Ray Bradbury’s “Fahrenheit 451”

The sixth in the series of novels I am reading on Dystopian futures.

This book envisions a future where all books, except comics and instructional manuals, are banned.  Found books are burned, and if they are discovered in a home, that home is burned with the books.  What is most interesting, is that the banning of books in Bradbury’s universe is not the result of an evil government out to control the thoughts of people, but the result of people turning from the written word to the poor substitute of mass media.  It was a gradual thing, so gradual that the scholars of the world didn’t speak out until it was too late.  Then came the “Firemen” who burned instead of extinguishing.  The remaining books were hidden away by a few people who still remembered why books are valuable.  These people, when the war came and destroyed the cities, had memorized the words of Shakespeare, Milton, Locke, Lincoln, Ghandi, and Christ, to name a few–and became these books.

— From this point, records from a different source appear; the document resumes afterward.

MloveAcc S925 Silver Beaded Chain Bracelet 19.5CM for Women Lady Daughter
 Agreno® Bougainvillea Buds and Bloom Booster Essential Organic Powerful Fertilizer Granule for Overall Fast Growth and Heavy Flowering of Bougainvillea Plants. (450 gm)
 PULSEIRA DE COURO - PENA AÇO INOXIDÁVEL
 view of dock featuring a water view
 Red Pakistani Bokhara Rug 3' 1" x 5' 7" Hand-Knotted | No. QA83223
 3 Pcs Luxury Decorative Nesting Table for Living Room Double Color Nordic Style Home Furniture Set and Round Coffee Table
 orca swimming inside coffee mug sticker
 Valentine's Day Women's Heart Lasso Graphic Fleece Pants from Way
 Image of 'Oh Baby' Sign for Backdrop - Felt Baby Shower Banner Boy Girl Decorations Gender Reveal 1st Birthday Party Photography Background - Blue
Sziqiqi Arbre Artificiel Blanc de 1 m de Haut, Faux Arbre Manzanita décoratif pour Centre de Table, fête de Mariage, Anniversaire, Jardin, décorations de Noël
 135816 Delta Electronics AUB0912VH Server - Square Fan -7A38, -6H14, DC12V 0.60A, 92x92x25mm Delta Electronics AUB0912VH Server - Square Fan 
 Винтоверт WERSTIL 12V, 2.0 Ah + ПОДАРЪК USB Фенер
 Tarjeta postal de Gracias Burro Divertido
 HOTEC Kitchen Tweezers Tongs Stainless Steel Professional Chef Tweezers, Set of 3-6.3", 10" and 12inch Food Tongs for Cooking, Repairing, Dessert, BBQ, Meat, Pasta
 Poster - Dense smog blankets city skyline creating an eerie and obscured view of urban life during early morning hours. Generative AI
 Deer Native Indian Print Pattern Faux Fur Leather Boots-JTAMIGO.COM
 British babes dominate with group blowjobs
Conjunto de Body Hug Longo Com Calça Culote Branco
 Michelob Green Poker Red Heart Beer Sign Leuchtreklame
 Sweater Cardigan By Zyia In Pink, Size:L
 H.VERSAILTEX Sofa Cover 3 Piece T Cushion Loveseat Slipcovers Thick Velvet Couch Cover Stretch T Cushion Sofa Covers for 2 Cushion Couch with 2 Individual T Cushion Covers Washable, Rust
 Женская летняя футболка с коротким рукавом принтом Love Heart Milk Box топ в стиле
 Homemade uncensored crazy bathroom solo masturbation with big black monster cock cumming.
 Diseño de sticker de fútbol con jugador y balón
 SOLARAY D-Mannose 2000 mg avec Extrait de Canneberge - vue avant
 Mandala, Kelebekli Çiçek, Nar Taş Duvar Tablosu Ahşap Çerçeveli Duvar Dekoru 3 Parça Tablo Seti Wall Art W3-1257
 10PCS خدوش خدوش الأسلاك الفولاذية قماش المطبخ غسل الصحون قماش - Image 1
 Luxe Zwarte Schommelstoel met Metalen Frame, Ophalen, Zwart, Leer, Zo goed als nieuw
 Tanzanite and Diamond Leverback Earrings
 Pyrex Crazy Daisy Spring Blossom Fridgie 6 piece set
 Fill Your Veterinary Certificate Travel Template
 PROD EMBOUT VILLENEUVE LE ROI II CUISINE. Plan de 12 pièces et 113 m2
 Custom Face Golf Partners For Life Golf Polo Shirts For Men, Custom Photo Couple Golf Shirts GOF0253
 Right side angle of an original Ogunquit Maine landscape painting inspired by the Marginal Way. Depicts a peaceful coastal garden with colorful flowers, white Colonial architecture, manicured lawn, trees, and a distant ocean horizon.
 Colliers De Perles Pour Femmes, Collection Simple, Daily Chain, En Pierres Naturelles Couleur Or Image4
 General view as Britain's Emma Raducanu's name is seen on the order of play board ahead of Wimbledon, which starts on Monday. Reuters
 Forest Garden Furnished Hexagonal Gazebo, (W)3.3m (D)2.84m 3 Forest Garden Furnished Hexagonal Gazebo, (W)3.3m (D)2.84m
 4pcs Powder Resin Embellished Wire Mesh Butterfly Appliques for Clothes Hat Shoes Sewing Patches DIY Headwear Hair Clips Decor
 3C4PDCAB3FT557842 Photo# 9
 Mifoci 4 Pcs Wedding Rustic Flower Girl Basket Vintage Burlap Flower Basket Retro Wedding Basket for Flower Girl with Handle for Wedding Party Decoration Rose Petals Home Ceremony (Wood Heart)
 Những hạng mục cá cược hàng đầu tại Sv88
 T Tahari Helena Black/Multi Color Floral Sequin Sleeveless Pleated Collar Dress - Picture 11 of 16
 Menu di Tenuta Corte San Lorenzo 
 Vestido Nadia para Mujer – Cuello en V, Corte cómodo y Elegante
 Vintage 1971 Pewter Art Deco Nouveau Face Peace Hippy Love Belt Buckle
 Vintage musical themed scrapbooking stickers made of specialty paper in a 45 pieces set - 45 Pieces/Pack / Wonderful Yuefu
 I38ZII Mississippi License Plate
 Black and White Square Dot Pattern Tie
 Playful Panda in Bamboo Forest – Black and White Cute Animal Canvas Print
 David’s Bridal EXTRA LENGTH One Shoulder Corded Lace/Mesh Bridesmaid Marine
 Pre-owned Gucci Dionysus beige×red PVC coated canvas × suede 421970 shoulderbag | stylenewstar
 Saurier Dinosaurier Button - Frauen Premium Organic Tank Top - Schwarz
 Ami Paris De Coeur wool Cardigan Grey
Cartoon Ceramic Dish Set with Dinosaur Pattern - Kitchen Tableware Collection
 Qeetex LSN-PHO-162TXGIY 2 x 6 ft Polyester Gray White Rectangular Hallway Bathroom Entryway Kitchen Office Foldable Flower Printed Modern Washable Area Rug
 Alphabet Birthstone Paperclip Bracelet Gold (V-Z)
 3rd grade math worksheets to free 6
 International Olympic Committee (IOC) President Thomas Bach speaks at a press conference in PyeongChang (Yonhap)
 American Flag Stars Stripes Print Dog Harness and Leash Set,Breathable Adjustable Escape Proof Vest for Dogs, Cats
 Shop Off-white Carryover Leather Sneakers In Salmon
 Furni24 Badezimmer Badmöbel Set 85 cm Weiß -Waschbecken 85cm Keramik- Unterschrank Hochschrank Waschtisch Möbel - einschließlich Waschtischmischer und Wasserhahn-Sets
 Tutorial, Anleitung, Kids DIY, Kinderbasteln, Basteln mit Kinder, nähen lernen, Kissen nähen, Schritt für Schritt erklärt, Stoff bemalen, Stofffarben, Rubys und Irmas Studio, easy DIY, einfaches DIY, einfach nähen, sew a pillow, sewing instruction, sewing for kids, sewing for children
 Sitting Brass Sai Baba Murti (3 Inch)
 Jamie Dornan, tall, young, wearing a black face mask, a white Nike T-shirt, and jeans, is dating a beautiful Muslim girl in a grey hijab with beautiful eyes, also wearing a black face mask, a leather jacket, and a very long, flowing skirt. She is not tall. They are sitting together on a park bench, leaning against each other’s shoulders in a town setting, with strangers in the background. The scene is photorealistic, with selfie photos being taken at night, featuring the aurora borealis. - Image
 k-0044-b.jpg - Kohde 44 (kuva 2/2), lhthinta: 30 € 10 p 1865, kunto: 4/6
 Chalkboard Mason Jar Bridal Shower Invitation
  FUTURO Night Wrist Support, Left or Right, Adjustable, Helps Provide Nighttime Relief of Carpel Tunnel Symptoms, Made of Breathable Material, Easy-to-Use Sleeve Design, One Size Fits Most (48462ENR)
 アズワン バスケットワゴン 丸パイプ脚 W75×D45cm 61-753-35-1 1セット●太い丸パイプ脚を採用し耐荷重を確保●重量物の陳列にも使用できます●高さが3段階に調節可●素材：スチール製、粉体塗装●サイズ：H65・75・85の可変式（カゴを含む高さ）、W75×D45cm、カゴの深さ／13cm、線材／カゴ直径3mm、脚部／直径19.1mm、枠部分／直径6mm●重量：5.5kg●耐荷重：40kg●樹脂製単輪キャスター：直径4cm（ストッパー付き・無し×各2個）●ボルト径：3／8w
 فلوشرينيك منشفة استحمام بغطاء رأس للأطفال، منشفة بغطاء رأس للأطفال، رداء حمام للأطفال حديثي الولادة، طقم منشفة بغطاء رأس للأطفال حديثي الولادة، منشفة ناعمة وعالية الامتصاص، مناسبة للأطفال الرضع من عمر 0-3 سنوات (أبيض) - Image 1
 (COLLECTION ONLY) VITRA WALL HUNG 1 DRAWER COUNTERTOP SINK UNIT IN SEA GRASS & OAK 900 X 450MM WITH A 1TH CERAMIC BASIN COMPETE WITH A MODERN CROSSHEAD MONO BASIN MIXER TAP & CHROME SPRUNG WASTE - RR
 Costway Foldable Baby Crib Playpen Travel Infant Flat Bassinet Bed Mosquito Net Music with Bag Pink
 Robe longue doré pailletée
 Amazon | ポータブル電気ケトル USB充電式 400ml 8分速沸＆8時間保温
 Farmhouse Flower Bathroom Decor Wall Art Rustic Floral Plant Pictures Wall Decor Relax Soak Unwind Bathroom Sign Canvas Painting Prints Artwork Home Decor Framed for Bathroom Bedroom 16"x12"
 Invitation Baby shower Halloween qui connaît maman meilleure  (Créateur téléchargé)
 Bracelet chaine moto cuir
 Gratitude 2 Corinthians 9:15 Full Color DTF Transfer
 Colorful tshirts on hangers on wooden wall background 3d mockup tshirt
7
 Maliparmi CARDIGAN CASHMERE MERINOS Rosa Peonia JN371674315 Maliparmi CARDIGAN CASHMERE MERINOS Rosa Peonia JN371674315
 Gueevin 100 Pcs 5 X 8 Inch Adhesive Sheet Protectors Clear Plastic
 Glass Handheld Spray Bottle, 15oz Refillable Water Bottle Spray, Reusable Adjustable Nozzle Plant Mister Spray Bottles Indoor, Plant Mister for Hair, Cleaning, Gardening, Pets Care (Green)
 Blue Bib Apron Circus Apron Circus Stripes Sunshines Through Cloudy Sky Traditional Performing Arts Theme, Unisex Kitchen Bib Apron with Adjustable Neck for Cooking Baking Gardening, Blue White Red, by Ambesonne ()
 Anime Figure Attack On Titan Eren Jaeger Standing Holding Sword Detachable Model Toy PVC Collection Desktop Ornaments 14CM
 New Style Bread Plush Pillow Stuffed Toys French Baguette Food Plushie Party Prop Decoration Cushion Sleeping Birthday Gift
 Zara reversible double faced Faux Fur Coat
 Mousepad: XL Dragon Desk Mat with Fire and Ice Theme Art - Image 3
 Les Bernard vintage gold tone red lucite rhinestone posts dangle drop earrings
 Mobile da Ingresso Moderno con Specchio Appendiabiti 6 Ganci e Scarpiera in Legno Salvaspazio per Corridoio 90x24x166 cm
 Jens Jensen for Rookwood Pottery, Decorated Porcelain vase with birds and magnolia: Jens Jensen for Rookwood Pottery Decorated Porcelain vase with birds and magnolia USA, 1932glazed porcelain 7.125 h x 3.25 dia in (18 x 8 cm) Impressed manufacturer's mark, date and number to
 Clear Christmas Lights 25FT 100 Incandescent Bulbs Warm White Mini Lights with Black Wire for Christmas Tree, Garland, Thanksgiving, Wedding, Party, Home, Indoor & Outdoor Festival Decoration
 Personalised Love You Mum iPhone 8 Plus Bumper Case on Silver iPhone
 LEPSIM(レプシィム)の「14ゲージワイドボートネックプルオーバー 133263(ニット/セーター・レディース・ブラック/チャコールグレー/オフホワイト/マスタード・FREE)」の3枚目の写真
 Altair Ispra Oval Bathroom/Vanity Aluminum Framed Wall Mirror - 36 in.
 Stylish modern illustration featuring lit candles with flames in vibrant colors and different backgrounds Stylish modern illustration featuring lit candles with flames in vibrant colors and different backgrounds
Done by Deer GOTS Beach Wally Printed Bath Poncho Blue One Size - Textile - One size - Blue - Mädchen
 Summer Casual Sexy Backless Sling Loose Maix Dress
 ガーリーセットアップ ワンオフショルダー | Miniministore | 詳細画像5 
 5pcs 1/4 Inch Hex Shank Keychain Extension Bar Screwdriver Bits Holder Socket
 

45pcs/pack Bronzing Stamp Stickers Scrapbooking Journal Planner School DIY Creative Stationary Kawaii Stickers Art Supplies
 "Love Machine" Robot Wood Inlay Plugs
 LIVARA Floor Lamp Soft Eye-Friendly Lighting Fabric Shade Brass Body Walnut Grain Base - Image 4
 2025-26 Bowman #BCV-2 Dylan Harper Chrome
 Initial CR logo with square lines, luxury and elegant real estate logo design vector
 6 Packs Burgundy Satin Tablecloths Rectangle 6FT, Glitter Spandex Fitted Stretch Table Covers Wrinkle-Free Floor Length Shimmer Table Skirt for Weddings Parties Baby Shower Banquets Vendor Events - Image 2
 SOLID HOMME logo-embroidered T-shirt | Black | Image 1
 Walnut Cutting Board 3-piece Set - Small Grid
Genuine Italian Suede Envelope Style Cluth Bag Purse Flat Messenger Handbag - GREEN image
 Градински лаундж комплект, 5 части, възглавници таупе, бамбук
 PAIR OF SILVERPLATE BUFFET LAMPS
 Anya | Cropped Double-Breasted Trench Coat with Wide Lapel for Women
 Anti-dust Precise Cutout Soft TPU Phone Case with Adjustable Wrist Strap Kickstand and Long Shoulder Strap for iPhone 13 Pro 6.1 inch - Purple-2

The confused and terrified antihero of the book is a Fireman named Guy Montag.  He is changed over several days by a teenaged neighbor girl who loves flowers and pretty words, and makes him realize in a moment that he has no love in his life and he is miserably unhappy.  When he steals a book from a house he burns, his change becomes permanent, and he can’t go back to burning.  He actually reads the book, and Bradbury captures Montag’s inability to actually think critically.  He can’t keep his mind still.  He doesn’t know how to concentrate on what he is reading.  He’s all over the place.  And this is something that I considered as Montag read–with all his stunted thoughts, dropped ideas, and lost direction.  Of course.  Because we learn to learn.  Learning to read is one thing.  Comprehension, reason, digesting a book, pulling meaning from it and knowing how it applies to the world, that is something else entirely.  Montag could read certainly.  He just couldn’t comprehend what he was reading.  But that is how everyone was in his world–Montag wasn’t a moron.  He was just intellectually empty.

Bradbury’s world is bizarre.  What would the world look like without books?  It’s a strange place where all the knowledge that has been passed down through the generations of humanity has been lost, and all that remains of the genius of Man is the art of war and his knowledge of how to build weapons of mass destruction… He has since burned with fire “the better angels of his nature.”  So nothing matters any more other than work, sports, and television–namely interactive soap operas.  Today, Bradbury would have called it “reality television”.  However, so-called Reality TV came after he wrote his book–a book that, when looking out at our culture today, is disturbingly prophetic.

What is most disturbing is that it was no secret that the war was coming.  Armies were organized and sent to war.  Fighter planes flew over the skies.  Everybody saw, but nobody noticed.  No one cared past their wall-sized televisions what was going on in the world–their televisions, while keeping them informed, also removed them from the reality of their dire situation.  The truth of their imminent destruction could not actualize inside them because they had no intellectual depth, and no connection to the real world–out there.  So the bombs came and blew them all to kingdom come and they didn’t even try to save themselves.  They didn’t understand the difference between fact and fiction.